Está no livro, em todo seu esplendor, o Jequitibá do Brejão, de Campinas. Com um tronco de 20 metros de circunferência, o notável jequitibá foi o mais alto da mata. Agora, a maior árvore paulista é a de Natal, no Ibirapuera, que se inaugura neste sábado.

O impulso à morte da mata veio de fora. O Brasil é o único país no mundo cujo nome deriva de uma mercadoria vegetal destinada ao mercado: o pau-brasil, do qual se tirava tintura vermelha.
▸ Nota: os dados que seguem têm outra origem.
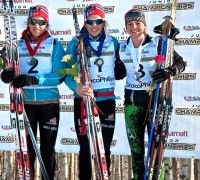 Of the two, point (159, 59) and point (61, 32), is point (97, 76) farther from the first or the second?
point (61, 32)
Desde então, a mata atlântica foi consumida para servir de combustível para o progresso.

A floresta veio abaixo para que se plantasse cana, café e capim para o gado. Virou lenha para usinas, locomotivas e navios. Foi matéria-prima da Southern Brazil Lumber and Colonization, de capital americano, a maior madeireira da América Latina do século 20.

Nas mesmas décadas, caçadores de São Paulo pagavam impostos anuais sobre a venda de 250 mil peles de animais. Somando a caça ilegal, estima-se que meio milhão de mamíferos da mata fossem mortos  por ano.

Na década de 1970, perguntaram a Rainor Grecco, o madeireiro que derrubou boa parte da floresta do Espírito Santo, se ele pensava na consequência do que fazia. Ele respondeu: “A consequência é o lucro”.

“Remanescentes” tem papel cuchê, capa dura e custa R$ 150. Parece um desses livrões que se põe na sala para arrotar riqueza e requinte. Nada mais equivocado: ele exibe o que se passou, se passa e se passará. A Amazônia de amanhã será a mata atlântica de hoje. Seremos Cubatão.